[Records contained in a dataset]
#####

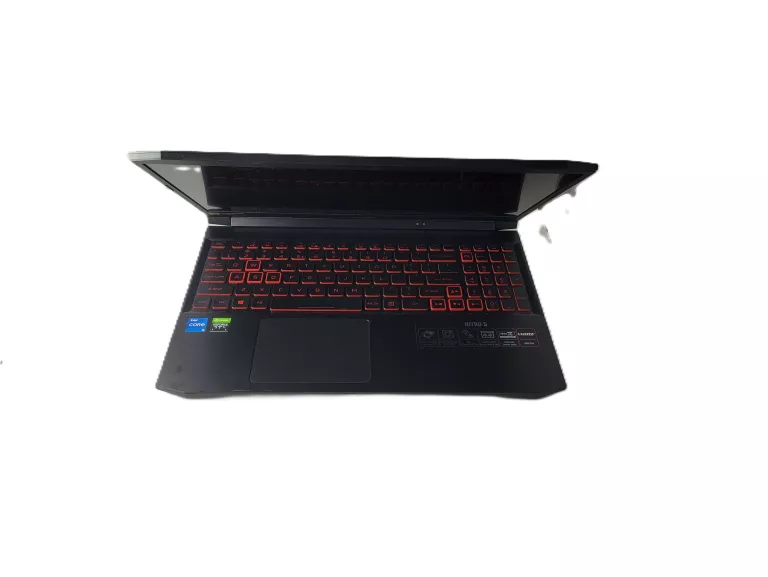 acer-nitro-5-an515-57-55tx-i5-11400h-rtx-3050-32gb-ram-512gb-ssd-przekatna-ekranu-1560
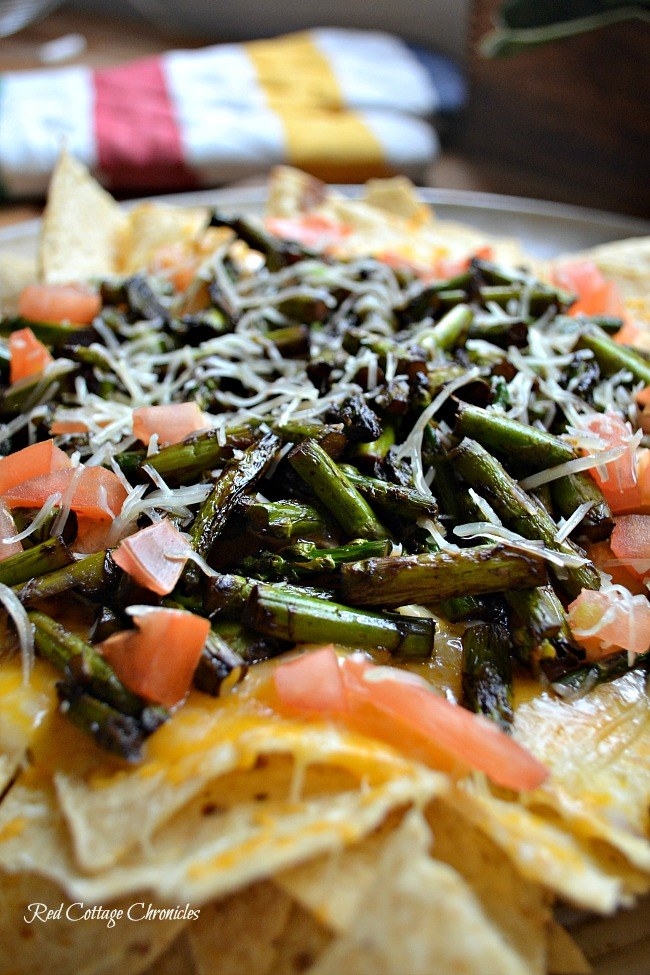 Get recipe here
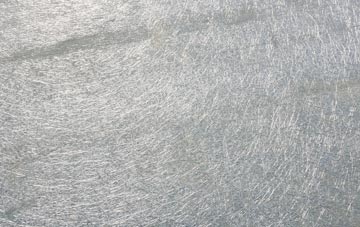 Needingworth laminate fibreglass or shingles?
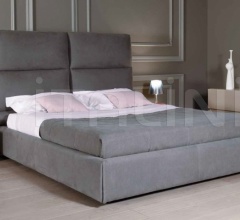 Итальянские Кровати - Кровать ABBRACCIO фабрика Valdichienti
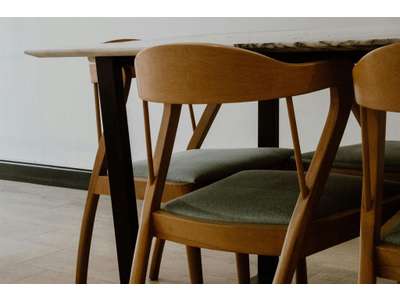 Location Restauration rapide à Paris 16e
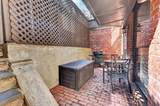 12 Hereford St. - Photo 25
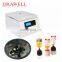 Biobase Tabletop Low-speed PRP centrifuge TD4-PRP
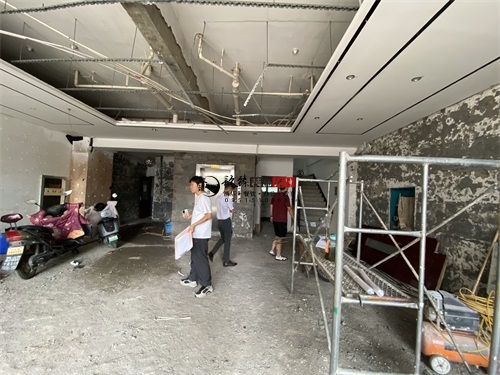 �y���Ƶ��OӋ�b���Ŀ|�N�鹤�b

#####

DIRECTIONS -
Each line above has to be returned exactly. Drop the pictures.

ANSWER BELOW -
 acer-nitro-5-an515-57-55tx-i5-11400h-rtx-3050-32gb-ram-512gb-ssd-przekatna-ekranu-1560
 Get recipe here
 Needingworth laminate fibreglass or shingles?
 Итальянские Кровати - Кровать ABBRACCIO фабрика Valdichienti
 Location Restauration rapide à Paris 16e
 12 Hereford St. - Photo 25
 Biobase Tabletop Low-speed PRP centrifuge TD4-PRP
 �y���Ƶ��OӋ�b���Ŀ|�N�鹤�b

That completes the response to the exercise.